Basically, forcing someone will simply generate the opposite effect and you will be left with nothing.

Of course, that is how I would react, but I'm pretty peacefull... some other people are much MUCH more agressive and would... shut down the server, cancel the contract (did you read the fine print?), etc.

Riggs
11-07-2000, 12:18 PM
Thanks for the reply.

The fact that the RaQ crashed is not why I am angry. If I don't have off-site backups, then that is my fault. Only reason I posted technical details is in case someone had similar experiences and knew how we could salvage the site from the old disk.

What I don't like is how this company handles their support... they've kept me guessing ever since day 1 of this problem. They always make it seem like they are very close to "fixing" the problem. At first when we just thought it was a small problem, they said that they would just restore the /etc directory and then it would be fixed. Well, I sat around twiddling my thumbs, the server never popped back up, and the people helping me disappeared. Then they made it sound like the old drive was perfectly fine and all they had to do was copy the old data onto a new one, but now they're sounding like that's impossible to do. No matter what, I never get straight-up answers (and I have to constantly email them just to get an answer, which I DO hate doing)

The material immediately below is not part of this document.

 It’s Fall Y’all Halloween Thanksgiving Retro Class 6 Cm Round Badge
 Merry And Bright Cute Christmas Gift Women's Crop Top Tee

You're right though... it could come off the wrong way in a public forum

Félix C.Courtemanche
11-07-2000, 12:57 PM
ok, for a solution, you will need to re-mount the old drive (as read only is better), forget about any useless aprtition, only remount /home since you need the files.

Then you should be able to transfer everything if it was not corrupted as well. I doubt there are such things as 'impossible to mount because it's weird' but most likely 'I don't know how to do it on a raq'

Well, since they can't do that, ask them to mount it on a crap server somewhere so that you can access the files, transfer them, then have everything fixed. If they can'T do that......... ask them to send over the HD to you by the mail to do it yourself or find someone to do it. It must be done on Linux, btw.

I hope this helps... even though I know it's not easy top do.